• Stored data:
▼

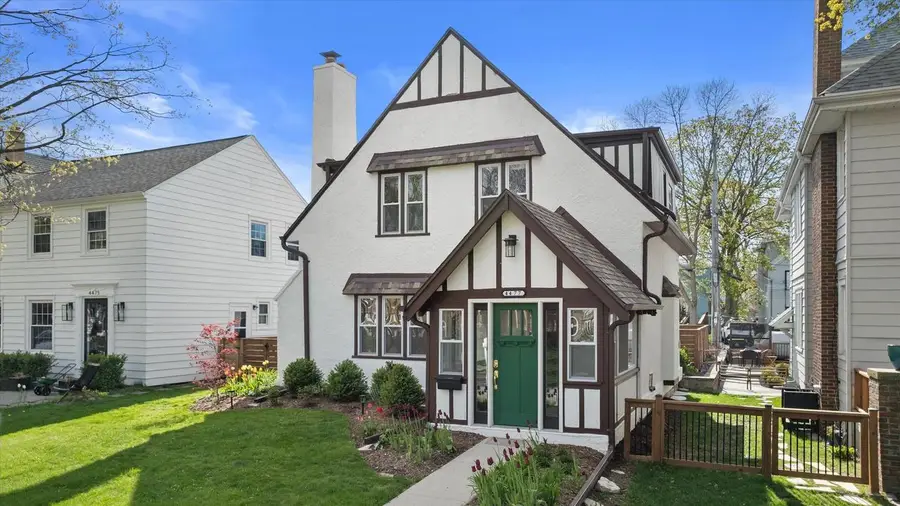 4477 Murray AVENUE, Shorewood, WI 53211 - #3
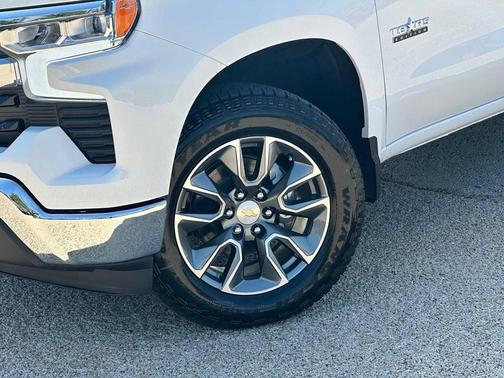 Summit White 2026 Chevrolet Silverado 1500 LT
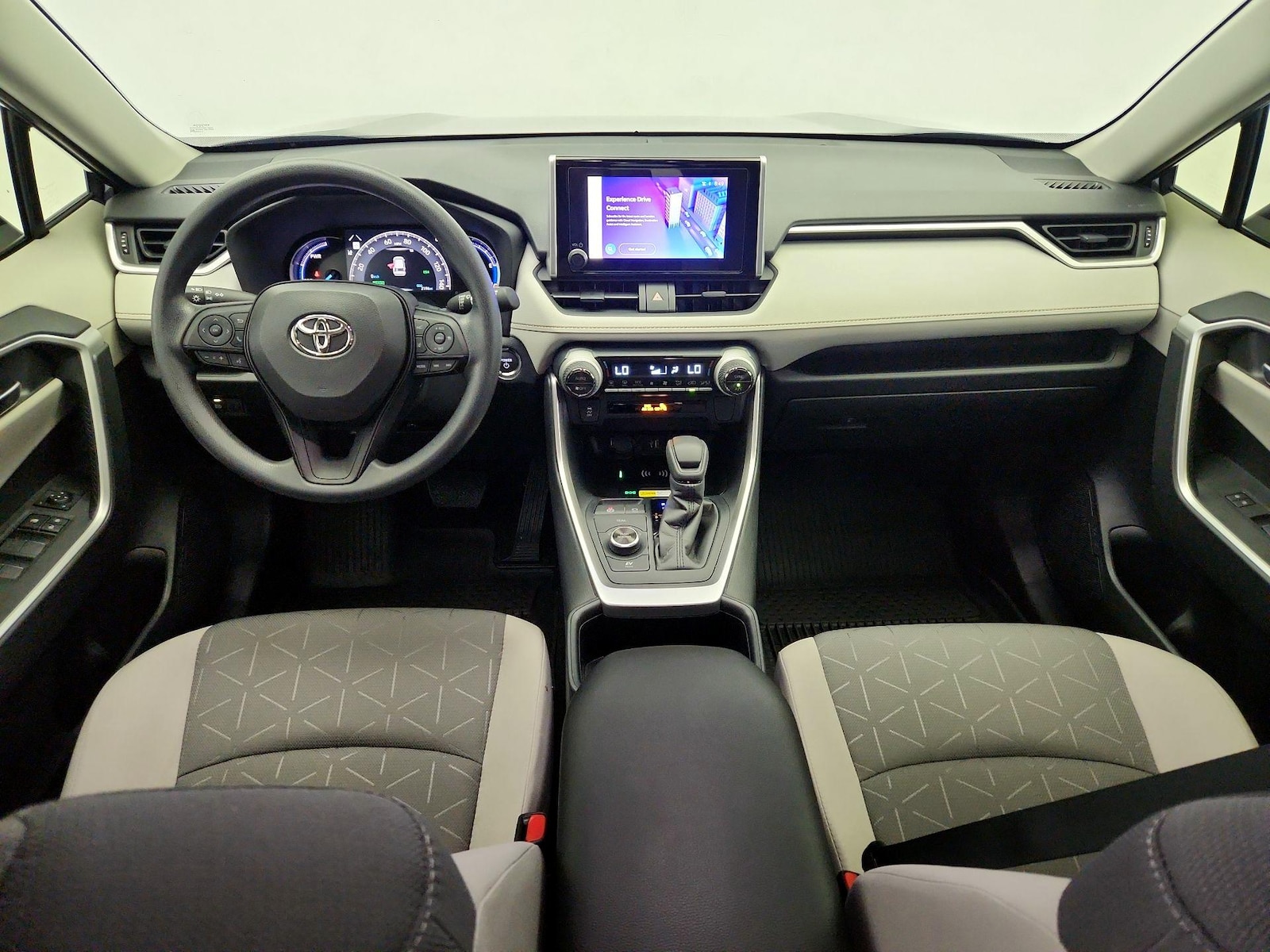 2025 Toyota RAV4 XLE - Photo 10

▲

• Problem statement:
Where the data contains images, drop them and print the rest exactly.

• Expected answer:
 4477 Murray AVENUE, Shorewood, WI 53211 - #3
 Summit White 2026 Chevrolet Silverado 1500 LT
 2025 Toyota RAV4 XLE - Photo 10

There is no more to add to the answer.